Member of the Pennsylvania House of Representatives
- Incumbent
- Assumed office September 8, 2026
- Preceded by: Stephenie Scialabba
- Constituency: 12th district

Personal details
- Born: 1985 or 1986 (age 40–41)
- Party: Democratic Party
- Education: University of Pittsburgh

= Brandon Dukes =

American politician

Brandon Michael Dukes is an American politician and member of the Pennsylvania House of Representatives. A member of the Democratic Party, he was elected in a special election in August 2026.

== Biography ==
Dukes grew up in the Brookline neighbourhood of Pittsburgh and graduated from Seton-La Salle Catholic High School. He has a bachelor's degree in political science from the University of Pittsburgh. He currently resides in Cranberry Township, Butler County. He has worked in the financial sector since 2010, most recently in mortgages and commercial lending for a national bank.
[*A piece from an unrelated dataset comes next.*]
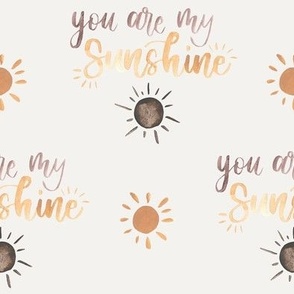 You are my sunshine valentines watercolor medium, gender neutral yellow and brown for kids and baby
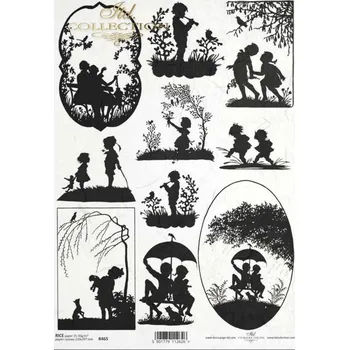 Umělecký papír Rýžový papír na decoupage ITD - Děti, siluety, černobílé - R0465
Dukes contested the Cranberry Township supervisor election in November 2025 but was defeated by incumbent Bruce Hezlep by 1.3%. The Pennsylvania House of Representatives' 12th district, which includes the northern suburbs of Pittsburgh, became vacant following the resignation of incumbent Stephenie Scialabba in March 2026. The district has been represented by Republicans since the 1990s and voted for Donald Trump by a margin of 18% in the 2024 presidential election. Dukes was unopposed in the Democratic Party primary in May 2026. He was narrowly elected to the Pennsylvania House of Representatives in a special election held on August 18, 2026, receiving 50.3% of votes. He was sworn in on September 8, 2026 and will serve-out the remainder of Scialabba's term which expires in January 2027. Dukes and his special election opponent Scott Timko will face each other in the general election in the district on November 3, 2026.

Dukes is married and has a daughter.